La criptovaluta più grande al mondo ha toccato il livello più basso degli ultimi sei mesi, mentre la seconda, Ether, ha registrato il calo più marcato degli ultimi tre anni.
Secondo i dati CoinDesk , fin dalle prime ore di questa mattina, Bitcoin La volatilità è iniziata quando il prezzo di mercato è gradualmente sceso da meno di 60.000 dollari a circa 54.000 dollari poco dopo le 8 del mattino. In seguito, la valuta si è leggermente ripresa e ha oscillato intorno a quel livello.
Nel primo pomeriggio, il mercato ha subito una nuova ondata di volatilità. Intorno alle 13:24, Bitcoin ha infranto un livello di supporto chiave, crollando a 49.314 dollari per unità, il livello più basso da metà febbraio. In 24 ore, la criptovaluta più grande al mondo ha perso circa il 14% del suo valore di mercato.
La perdita di questo livello di supporto è molto grave perché molti esperti avevano precedentemente previsto che Bitcoin avrebbe dovuto mantenersi a 50.000 dollari per evitare un ulteriore ritracciamento verso i 48.000 dollari che si sarebbe verificato poco dopo.

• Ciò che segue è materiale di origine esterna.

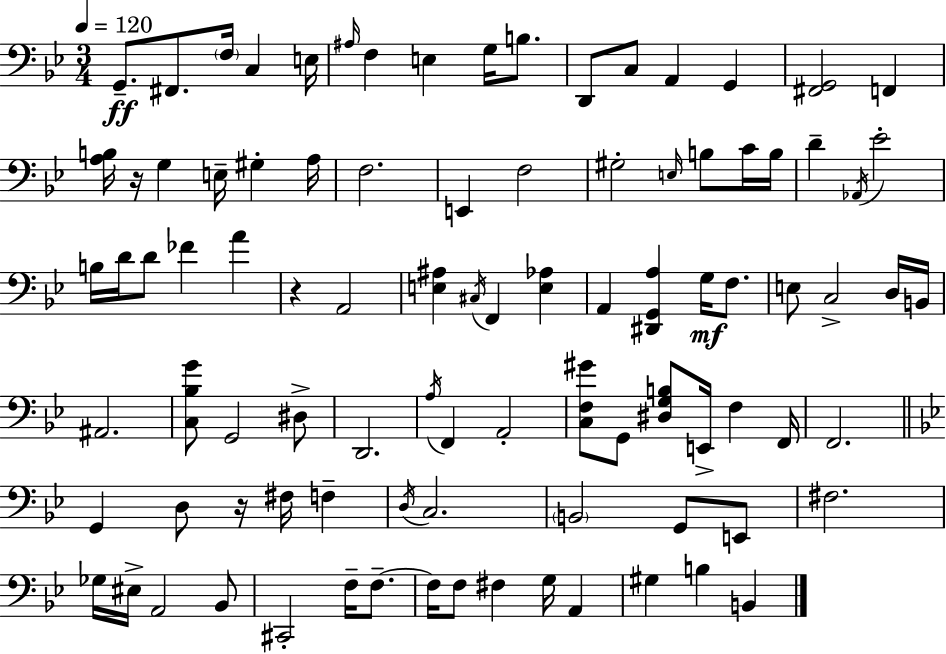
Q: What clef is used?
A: bass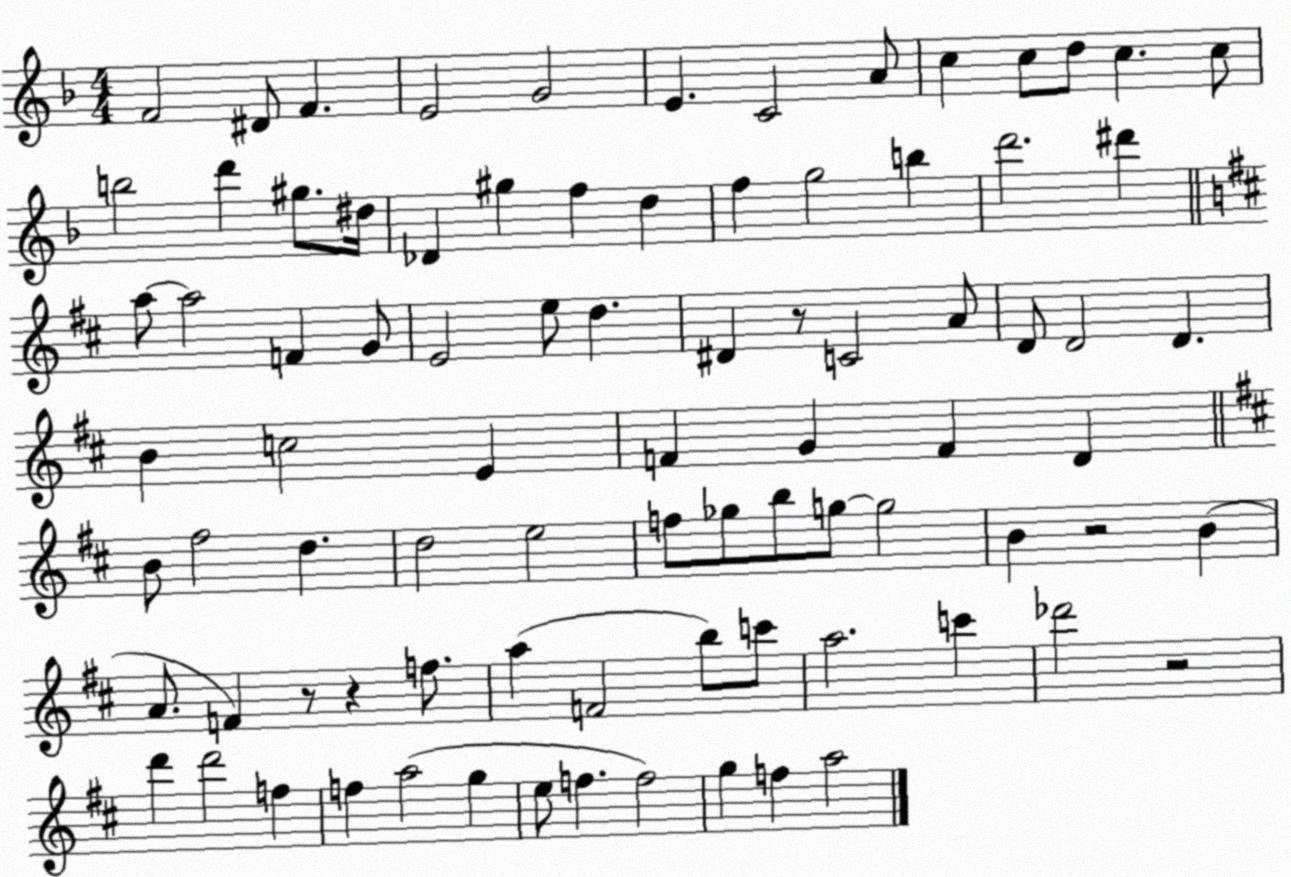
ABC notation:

X:1
T:Untitled
M:4/4
L:1/4
K:F
F2 ^D/2 F E2 G2 E C2 A/2 c c/2 d/2 c c/2 b2 d' ^g/2 ^d/4 _D ^g f d f g2 b d'2 ^d' a/2 a2 F G/2 E2 e/2 d ^D z/2 C2 A/2 D/2 D2 D B c2 E F G F D B/2 ^f2 d d2 e2 f/2 _g/2 b/2 g/2 g2 B z2 B A/2 F z/2 z f/2 a F2 b/2 c'/2 a2 c' _d'2 z2 d' d'2 f f a2 g e/2 f f2 g f a2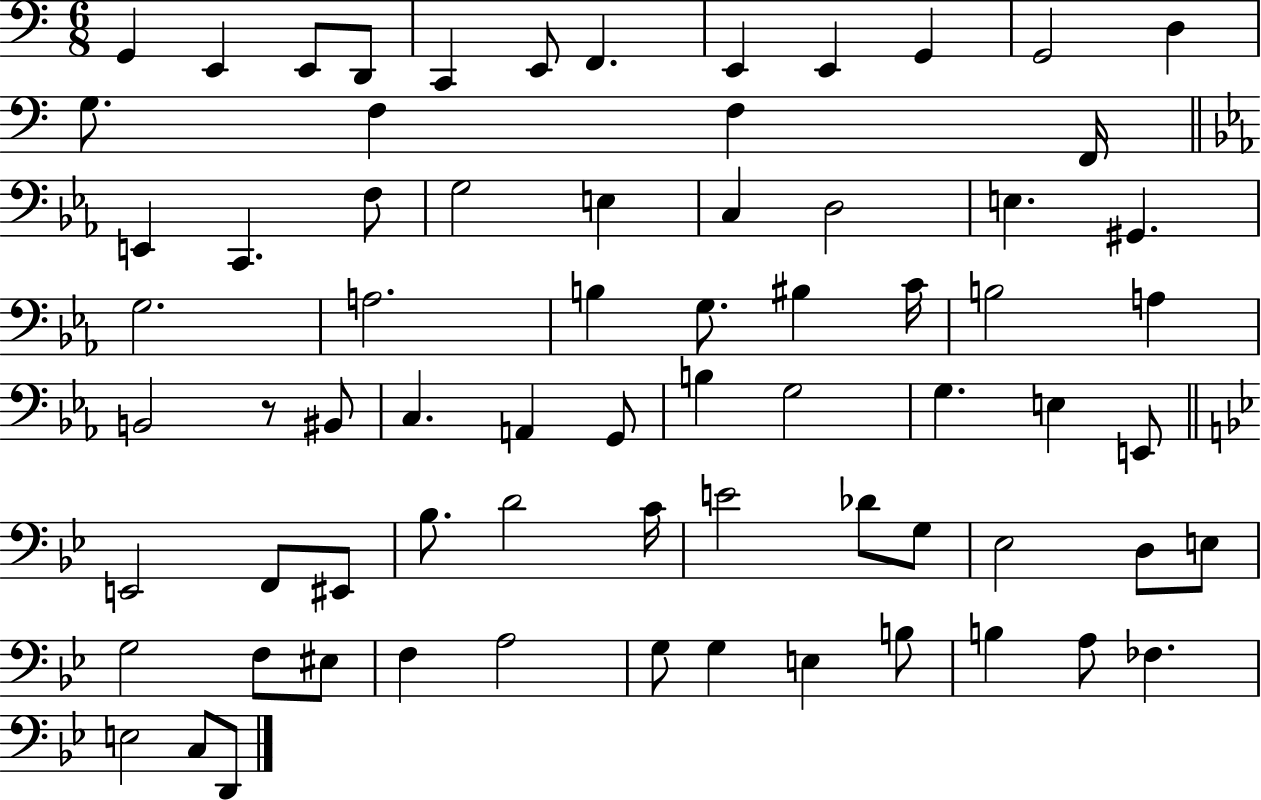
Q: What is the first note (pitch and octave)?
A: G2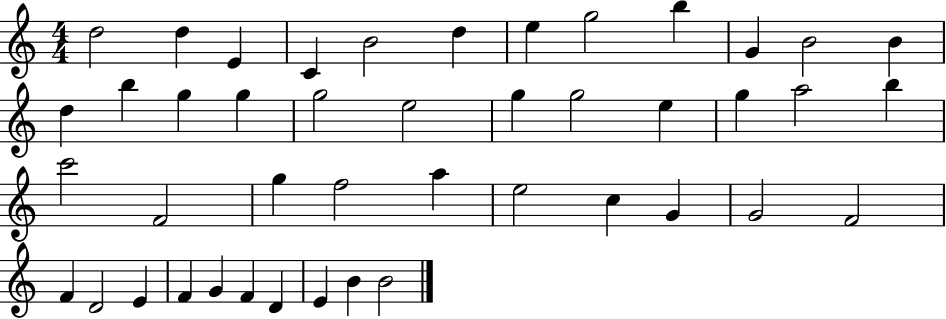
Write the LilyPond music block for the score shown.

{
  \clef treble
  \numericTimeSignature
  \time 4/4
  \key c \major
  d''2 d''4 e'4 | c'4 b'2 d''4 | e''4 g''2 b''4 | g'4 b'2 b'4 | \break d''4 b''4 g''4 g''4 | g''2 e''2 | g''4 g''2 e''4 | g''4 a''2 b''4 | \break c'''2 f'2 | g''4 f''2 a''4 | e''2 c''4 g'4 | g'2 f'2 | \break f'4 d'2 e'4 | f'4 g'4 f'4 d'4 | e'4 b'4 b'2 | \bar "|."
}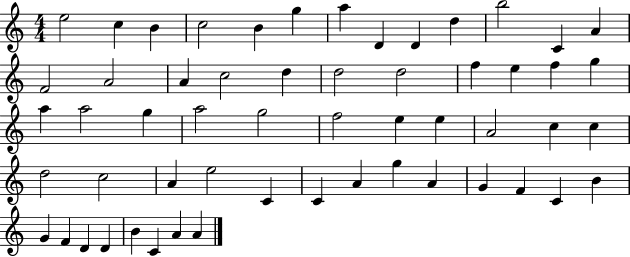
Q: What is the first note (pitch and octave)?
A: E5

Ancora più brutale, l'etere - valuta digitale La seconda criptovaluta al mondo per capitalizzazione di mercato è crollata da oltre 3.500 dollari a 1.700 dollari per moneta, con un calo del 25%. Si è trattato della peggiore correzione giornaliera da maggio 2021. Altre criptovalute, come Binance Coin, Solana, XRP, ecc., hanno registrato cali pari o superiori al 20%.
Questo sviluppo ha fatto sì che l'indice Fear and Greed (Paura e Avidità) virasse verso un sentimento negativo, raggiungendo il livello più basso dall'inizio di luglio. Questo indice monitora la volatilità, i prezzi e i dati dei social media per indicare se gli investitori sono timorosi – spesso un segnale di un minimo locale – o avidi, segno di un picco di mercato.

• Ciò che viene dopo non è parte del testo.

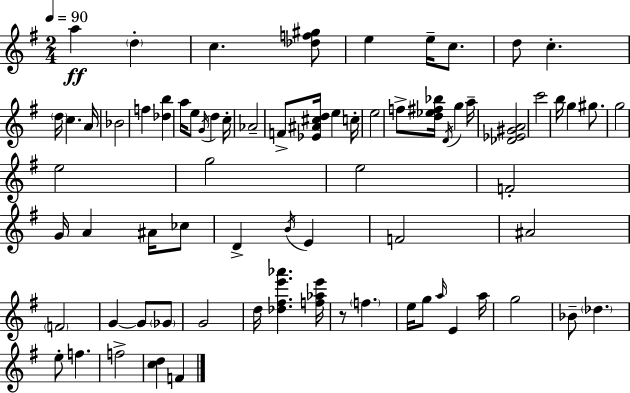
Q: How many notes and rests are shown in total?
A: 73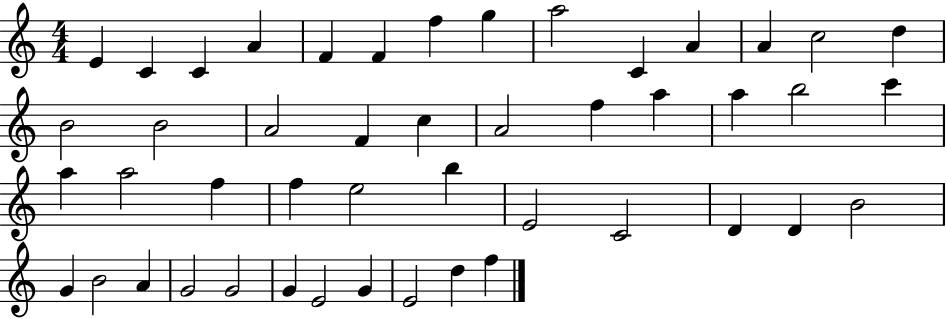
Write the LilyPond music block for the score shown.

{
  \clef treble
  \numericTimeSignature
  \time 4/4
  \key c \major
  e'4 c'4 c'4 a'4 | f'4 f'4 f''4 g''4 | a''2 c'4 a'4 | a'4 c''2 d''4 | \break b'2 b'2 | a'2 f'4 c''4 | a'2 f''4 a''4 | a''4 b''2 c'''4 | \break a''4 a''2 f''4 | f''4 e''2 b''4 | e'2 c'2 | d'4 d'4 b'2 | \break g'4 b'2 a'4 | g'2 g'2 | g'4 e'2 g'4 | e'2 d''4 f''4 | \break \bar "|."
}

Il mercato è entrato in territorio negativo a causa delle liquidazioni di contratti futures su criptovalute per oltre 840 milioni di dollari nelle ultime 24 ore, creando una svendita peggiore di quella di ieri. L'attuale volatilità è alimentata dal rafforzamento dello yen giapponese e dalle voci di una possibile liquidazione dell'attività di Jump Trading nel settore delle criptovalute.
In particolare, i contratti future su Ether hanno registrato liquidazioni per oltre 304 milioni di dollari, una cifra superiore a quella di Bitcoin. Anche i contratti future su Solana, Dogecoin, XRP e Pepe hanno registrato una liquidazione cumulativa di 75 milioni di dollari.
Oltre 200.000 trader individuali sono stati soggetti a ordini di liquidazione. I dati dell'exchange di criptovalute Huobi mostrano che circa l'87% dei soggetti colpiti erano trader che avevano effettuato ordini long, ovvero che scommettevano su prezzi più alti.
Al di là delle criptovalute, il panorama finanziario globale sta vivendo una significativa volatilità a causa di una forte ondata di vendite azionarie, alimentata dai timori degli investitori per una possibile recessione economica negli Stati Uniti. Questa impennata si verifica dopo che il deludente rapporto sull'occupazione statunitense di luglio ha mostrato dati molto inferiori alle attese, sollevando preoccupazioni sul rischio di una crisi economica.
A fronte dei segnali di rallentamento dell'economia statunitense, gli operatori di mercato scommettono fortemente su un imminente taglio dei tassi di interesse da parte della Federal Reserve. Gli economisti di importanti istituzioni finanziarie come Citigroup e JPMorgan Chase prevedono addirittura che la Fed potrebbe ridurre i tassi fino a 0,5 punti percentuali nelle riunioni di settembre e novembre.